Now, in a different way in the imperialist countries—and in a concentrated way where you are directly up against U.S. imperialism, in its own "citadel"—being able to seize power does depend primarily on qualitative changes in the objective situation. Yet, here again, we also do have to remember that the objective situation includes, as a very important factor, changes brought about by revolutionary struggles internationally and secondarily, although very importantly, it depends on our all-round revolutionary work in the U.S. To emphasize it once more, we are not in a passive position—we are not determinists in the mechanical sense—we don't think this will all just work out "by itself" and we can just sit around and try to live a bourgeois lifestyle—or survive however we can, or whatever we might think of doing—until the proper time, and then somehow we can step in and make revolution. And in fact we wouldn't want to anyway. If we weren't consistently working for revolution, we wouldn't recognize the opening or have the willingness and eagerness to seize the opening for revolution when it did occur.

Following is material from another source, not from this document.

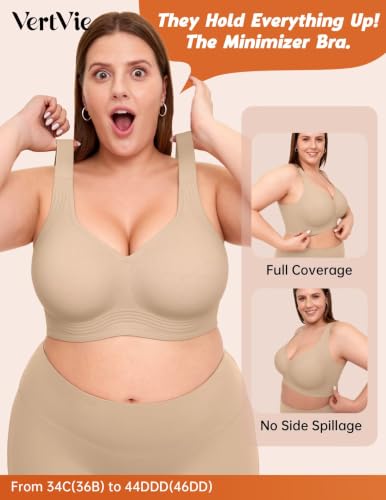 Image of Vertvie Jelly Bras for Women No Underwire Minimizer Support | Plus Size Older Lift, Full Coverage & Smoothing Back, Push Up, Separation & Supportive, Soft Comfy Seamless Wireless Bralette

Objective and Subjective: Talking Straight With the Masses

In all this, it is very important to grasp that the objective and the subjective are a unity of opposites. And while overall the objective is principal, there is continual interpenetration between the two and the transformation of the one into the other—of the objective into the subjective, and of the subjective into the objective. By the "objective" I mean the general conditions set by the world situation overall and the economic-social-political situation within the particular country, and the "subjective" means in particular the subjective factor, the political work and struggle that is carried out by class-conscious revolutionaries led by the Party. So this is a unity of opposites—the objective and the subjective factors—and there is a continual inter-penetration and transformation of one into the other.

The work that we carry out changes the objective situation. It gets transformed into part of the objective situation. And the objective gets transformed into the subjective in terms of how the objective factor impinges upon the Party—its outlook, its line, its policy, and what we have to do in response to the objective situation in order to transform it. This is an important general principle of dialectical materialism, and there is an important application in terms of how we view the relationship between the objective situation and the subjective factor (referring again specifically to our Party and its conscious political work and revolutionary struggle together with the masses).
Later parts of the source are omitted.